Hate That Cat is a novel-in-verse by Sharon Creech, published in 2008. It is a sequel to Love That Dog (2001), another novel-in-verse by the same author. Creech is a two-time Newbery Medal winner, and she has been awarded the Carnegie Medal, the Dorothy Canfield Fisher Award, and the Anne V. Zarrow Award, among others, for her contributions to children’s literature. Hate That Cat follows Jack for one school year as he navigates life’s challenges, such as coming to terms with the loss of a beloved pet and finding the courage to love another animal. Through a series of poems, Jack develops his own voice and healthy self-confidence as he learns about poetry’s emotional power.

This guide refers to the 2008 paperback edition, published by HarperCollins.

Plot Summary

Jack, the novel’s protagonist, is a student in Miss Stretchberry’s class for the second year in a row. Jack likes having Miss Stretchberry as a teacher as he feels she understands him. Miss Stretchberry teaches her students about poetry and encourages them to write it, which Jack enjoys. His first poem of the academic year introduces his dislike of cats. Also, Jack claims he cannot write any more poems about his dog, Sky, who was hit by a car and died last year. Despite this claim, Jack does write about Sky, using his poems to process his grief. His poems show how deeply the loss of his beloved dog still affects him.

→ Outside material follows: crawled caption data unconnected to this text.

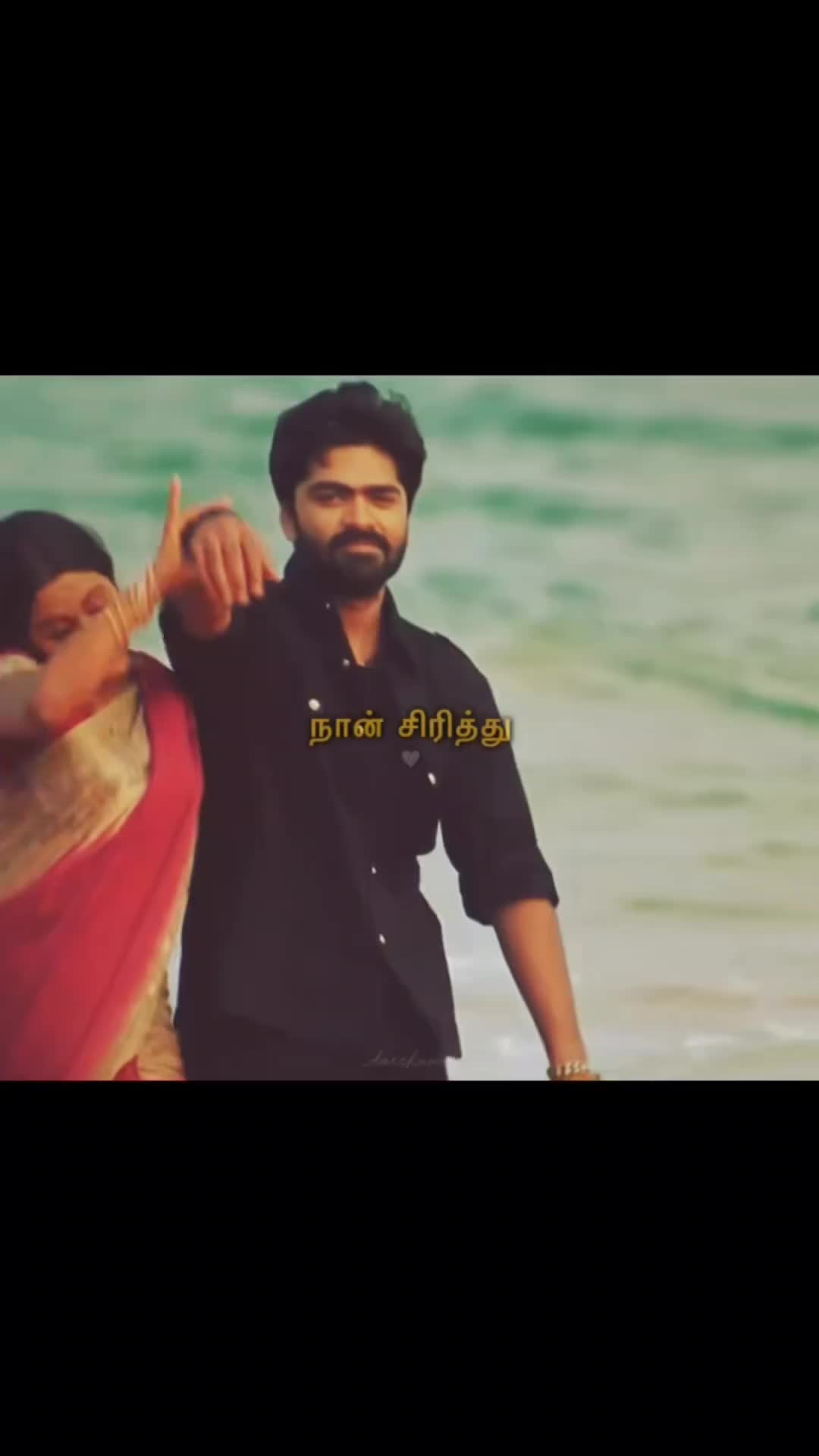 @🥰🥰🥰🥰Sai🥰🥰🥰🥰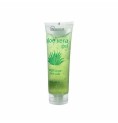 Fuktgel IDC Institute Aloe Vera (250 ml)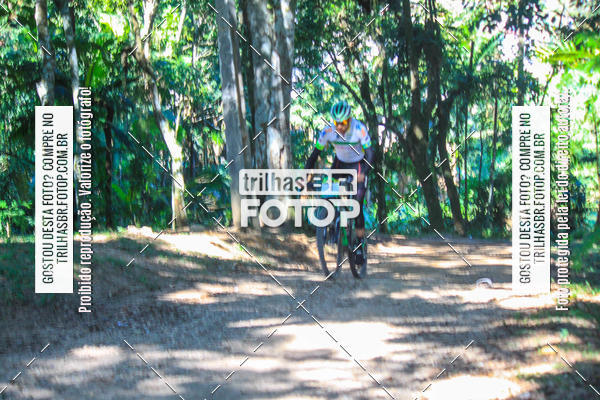 Buy your photos of the eventVolta do Pinheral on Fotop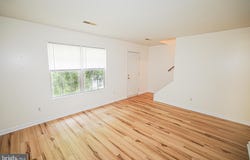 7388 PRICE COURT, KING GEORGE, VA 22485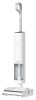 Xiaomi Truclean W10 Pro Wet Dry Vacuum EU
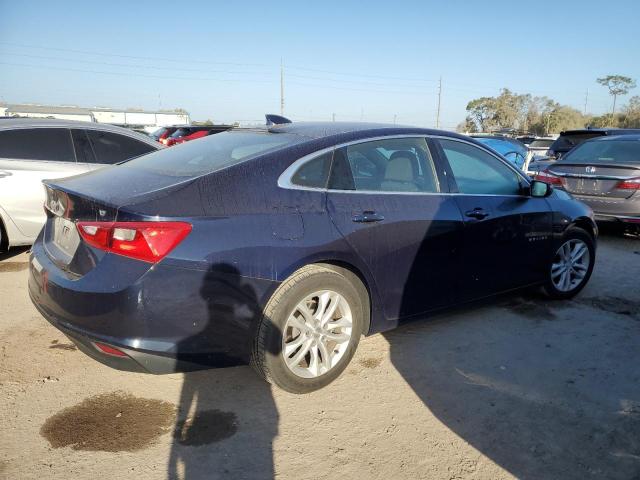 2018 CHEVROLET MALIBU LT 1G1ZD5STXJF230751
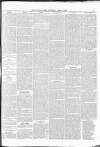 Oxford Times Saturday 01 April 1865 Page 7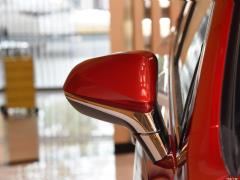 Модель 200 AWD 2020 г., Fengshang Edition, Китай VI 2020 Model 200 AWD, Fengshang Edition, China VI Фото 10 из 48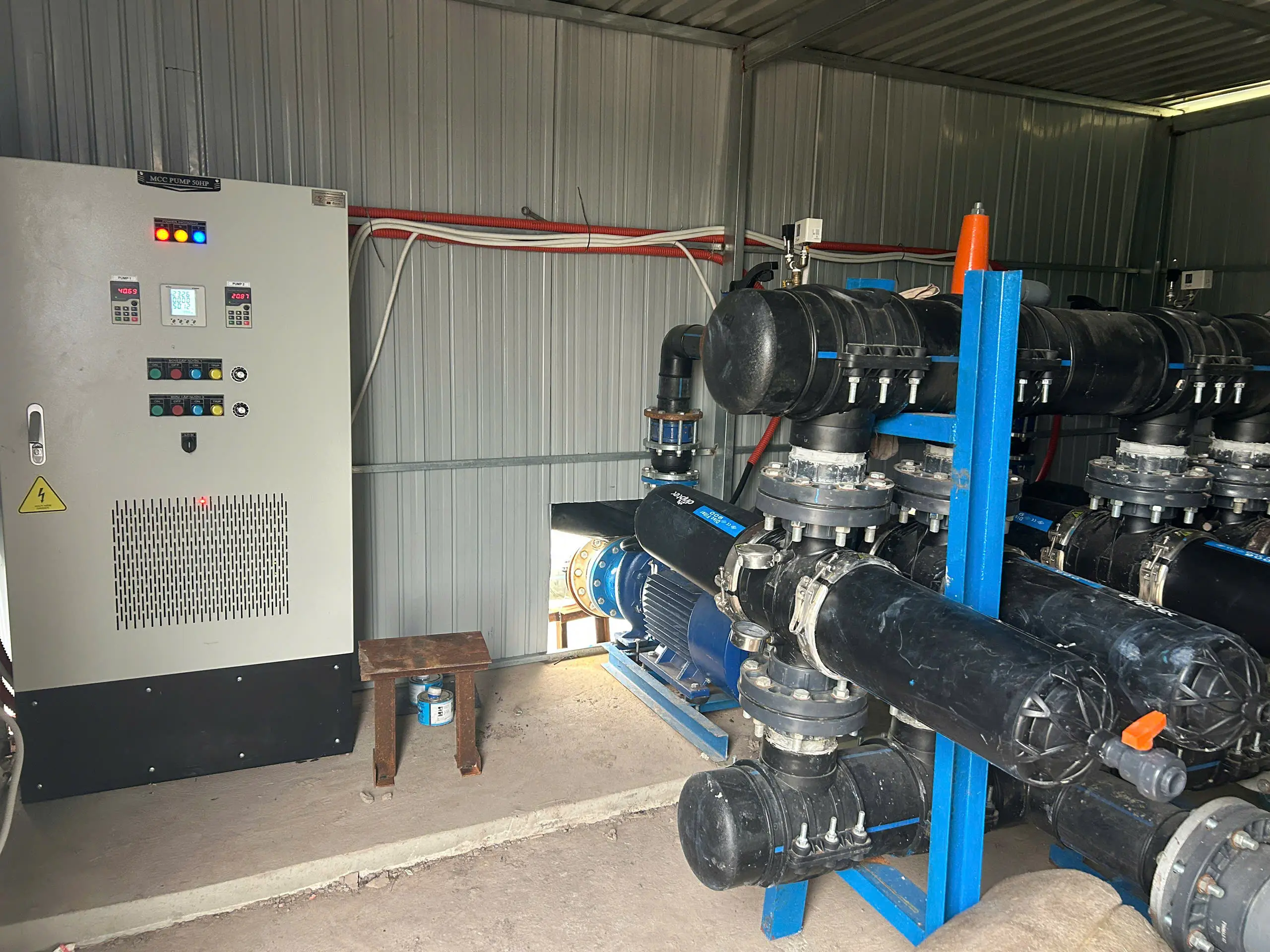 Bản sao của LD18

Miss Stretchberry makes learning about poetic devices like onomatopoeia and alliteration fun, encouraging students to play with words and sounds. This prompts Jack to wonder what a person who is deaf might hear in their head when they read these words. As the class reads more poetry, Jack enjoys playing with new figures of speech, but he worries whether the writers are still alive—he is still coming to terms with Sky’s death and is uncomfortable with the idea of loss. Jack is deeply affected by poems that convey experience and feeling, and he is sometimes frustrated by his own attempts to produce similarly moving and effective writing.

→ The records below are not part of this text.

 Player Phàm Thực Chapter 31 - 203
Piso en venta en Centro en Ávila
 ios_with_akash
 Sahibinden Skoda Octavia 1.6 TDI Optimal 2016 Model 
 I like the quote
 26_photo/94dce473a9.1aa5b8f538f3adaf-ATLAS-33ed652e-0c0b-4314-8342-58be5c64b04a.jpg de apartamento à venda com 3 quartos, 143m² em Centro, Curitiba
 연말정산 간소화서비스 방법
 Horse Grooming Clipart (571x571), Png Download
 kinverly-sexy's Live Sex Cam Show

When Miss Stretchberry’s cat has kittens, Jack’s father asks if he wants one, but Jack says no. He reasons that a cat might get hit by a car, run away, or get very sick and die. In fact, he says he doesn’t want any pets: Jack does not want to love and lose another pet because it is too painful. His poem, “THE BAD BLACK CAT,” helps to explain his prejudice against felines: In the poem, he explains that he tried to rescue a black cat from a tree, but the cat spat at him and scratched Jack’s face and neck. Soon after, Miss Stretchberry reads a poem written by Christopher Myers to the class, and it, too, is about a black cat, but not a mean one. When Jack reads this poem to his mother, who is deaf, he taps the rhythm of the poem with his fingers, and his mother proceeds to tap the rhythm with Jack. Afterward, she taps the same rhythm against her heart.

Jack gets a kitten for Christmas, and he immediately loves her. He names the kitten Skitter McKitter. However, Skitter goes missing one day, worrying Jack. Two weeks later, Jack hears the mean black cat mewing at the back door, and he finds that the hated cat has brought Skitter home. He is delighted that Skitter is back; she is injured, but happy to be home. Jack regrets his earlier hatred of the black cat and is grateful that it brought Skitter back to him.

Jack writes more poems about Skitter, and he writes about his mother, too. When his mother comes to the parents’ night at school, Miss Stretchberry says Jack can interpret for her. He feels enormously proud of himself for signing for his mother, especially in front of so many people, and he feels good that she is able to come and participate in a school event since he can interpret for her. In his final poem for the school year, he promises that he will pay attention to all the world’s sounds so that he can write them down for his mother, allowing her to feel them and hear them in her own way.